TGBOT[Telegram Bot<br/>Telegraf]
DCBOT[Discord Bot<br/>Discord.js]
WEBAPP[Web Admin<br/>Next.js]
RESTAPI[REST API]
end
subgraph "Application Core"
ROUTER[Message Router]
AGENT[AI Agent<br/>Tool Loop Agent]
CONV[Conversation<br/>Manager]
AUTH[Authentication]
end
subgraph "Agent Intelligence"
SOUL[SOUL.md<br/>Personality]
PROV[Provider<br/>Manager]
TOOLS[Tool Registry]
CONTEXT[Context Builder]
end
subgraph "Tool System"
BUILTIN[Built-in Tools<br/>35+ tools]
SKILLS[Skills System<br/>Modular plugins]
MCP[MCP Client<br/>External servers]
SUBAGENT[Sub-Agents<br/>Specialized tasks]
end
subgraph "LLM Providers"
OPENAI[OpenAI]
ANTHROPIC[Anthropic]
GOOGLE[Google]
GROQ[Groq]
OLLAMA[Ollama]
OTHERS[15+ more...]
end
subgraph "Data Layer"
DB[(SQLite DB)]
CRYPTO[Encryption<br/>AES-256]
CACHE[Tool Cache]
LOGS[Audit Logs]
end
subgraph "System Layer"
FS[File System]
SHELL[Shell/Process]
NET[Network]
GIT[Git]
end
%% Client to Interface
TG --> TGBOT
DC --> DCBOT
WEB --> WEBAPP
API --> RESTAPI
%% Interface to Core
TGBOT --> ROUTER
DCBOT --> ROUTER
WEBAPP --> ROUTER
RESTAPI --> ROUTER
%% Core components
ROUTER --> AUTH
ROUTER --> AGENT
AGENT --> CONV
AGENT --> SOUL
AGENT --> PROV
AGENT --> TOOLS
AGENT --> CONTEXT
%% Tool system
TOOLS --> BUILTIN
TOOLS --> SKILLS
TOOLS --> MCP
TOOLS --> SUBAGENT
%% Provider connections
PROV --> OPENAI
PROV --> ANTHROPIC
PROV --> GOOGLE
PROV --> GROQ
PROV --> OLLAMA
PROV --> OTHERS
%% Data connections
CONV --> DB
AUTH --> DB
PROV --> DB
DB --> CRYPTO
AGENT --> LOGS
TOOLS --> CACHE
%% System interactions
BUILTIN --> FS
BUILTIN --> SHELL
BUILTIN --> NET
BUILTIN --> GIT
%% Styling
classDef client fill:#e1f5ff
classDef interface fill:#fff9c4
classDef core fill:#c8e6c9
classDef tools fill:#f8bbd0
classDef data fill:#d1c4e9
classDef system fill:#ffccbc
class TG,DC,WEB,API client
class TGBOT,DCBOT,WEBAPP,RESTAPI interface
class ROUTER,AGENT,CONV,AUTH,SOUL,PROV,TOOLS,CONTEXT core
class BUILTIN,SKILLS,MCP,SUBAGENT tools
class DB,CRYPTO,CACHE,LOGS data
class FS,SHELL,NET,GIT systemComponent Breakdown
1. Presentation Layer
Telegram Bot (src/bot/index.ts)
- Uses Telegraf framework
- Supports streaming responses
- Rich formatting (markdown, buttons)
- File uploads/downloads
- Conversation context management
Discord Bot (src/bot/discord.ts)
- Uses Discord.js
- Slash commands
- Thread-based conversations
- Role-based access control
- Server-specific configurations
Web Admin (src/app/)
- Next.js 14 with App Router
- React Server Components
- Server-side rendering (SSR)
- Real-time updates
- Responsive design (Tailwind CSS)
REST API (src/app/api/)
- RESTful endpoints
- Session-based authentication
- JSON request/response
- Error handling middleware
- Rate limiting (planned)
2. Application Layer
AI Agent (src/agent/agent.ts)
The heart of Overseer.

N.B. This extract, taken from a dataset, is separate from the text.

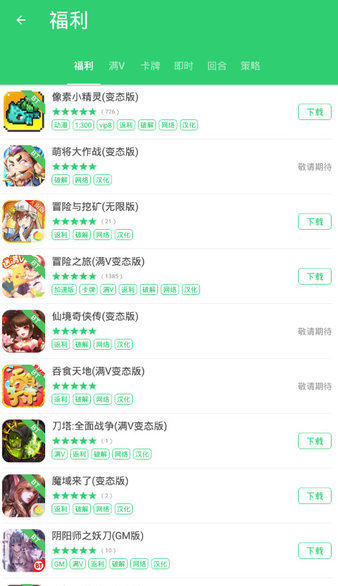 百分网手机游戏盒子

Implements agentic behavior using Vercel AI SDK v6:
export async function runAgent(
message: string,
conversationId: string,
model: LanguageModel
): Promise<AgentResponse> {
const tools = getAllAvailableTools();
const systemPrompt = loadSoulPrompt();
const history = getConversationHistory(conversationId);
const result = await generateText({
model,
system: systemPrompt,
messages: [...history, { role: 'user', content: message }],
tools,
maxSteps: 10, // Multi-step reasoning
});
return {
response: result.text,
toolsUsed: result.toolCalls?.map(tc => tc.toolName),
usage: result.usage,
};
}Key Features:
- Tool Loop: Automatically executes multiple tools in sequence
- Context Management: Maintains conversation history
- Streaming: Supports real-time streaming responses
- Error Recovery: Graceful handling of tool failures
- Token Management: Tracks and limits token usage
Conversation Manager (src/database/models/conversations.ts)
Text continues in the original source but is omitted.